• Data below:
- Opening Delimiter -

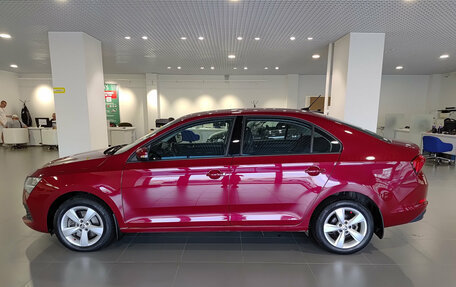 Skoda Rapid II, 2021 год, 1 580 000 рублей, 8 фотография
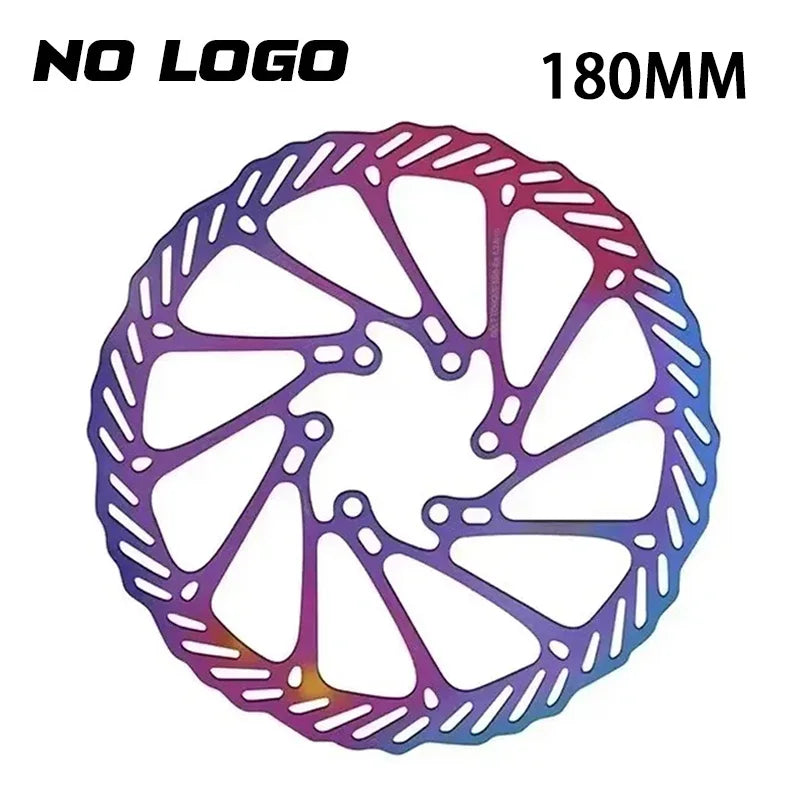 Fahrrad Scheibenbremse MTB Rennrad: Stabile Bremsscheibe 160 180 203mm Stahl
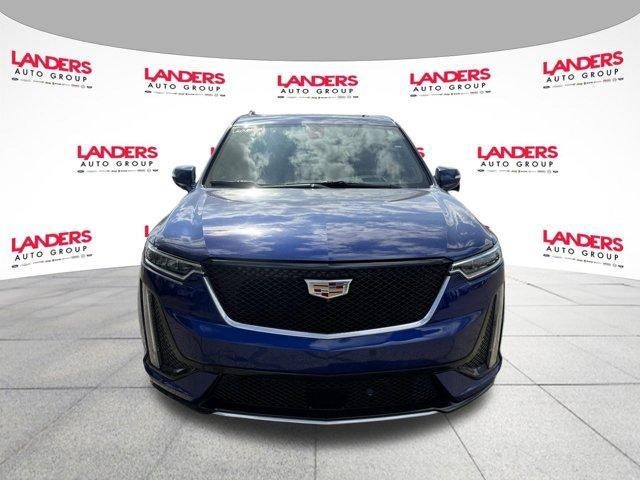 2023 Cadillac XT6 AWD 4dr Sport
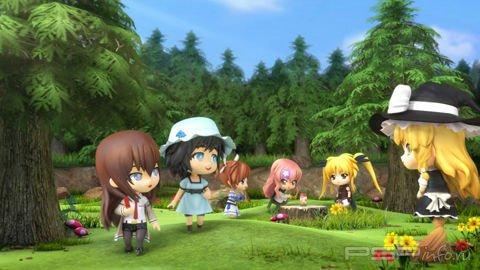 Nendoroid Generation:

- Closing Delimiter -

• Description of the task: Produce a verbatim transcription of every line in the listing, images omitted.

• Answer box:
 Skoda Rapid II, 2021 год, 1 580 000 рублей, 8 фотография
 Fahrrad Scheibenbremse MTB Rennrad: Stabile Bremsscheibe 160 180 203mm Stahl
 2023 Cadillac XT6 AWD 4dr Sport
 Nendoroid Generation:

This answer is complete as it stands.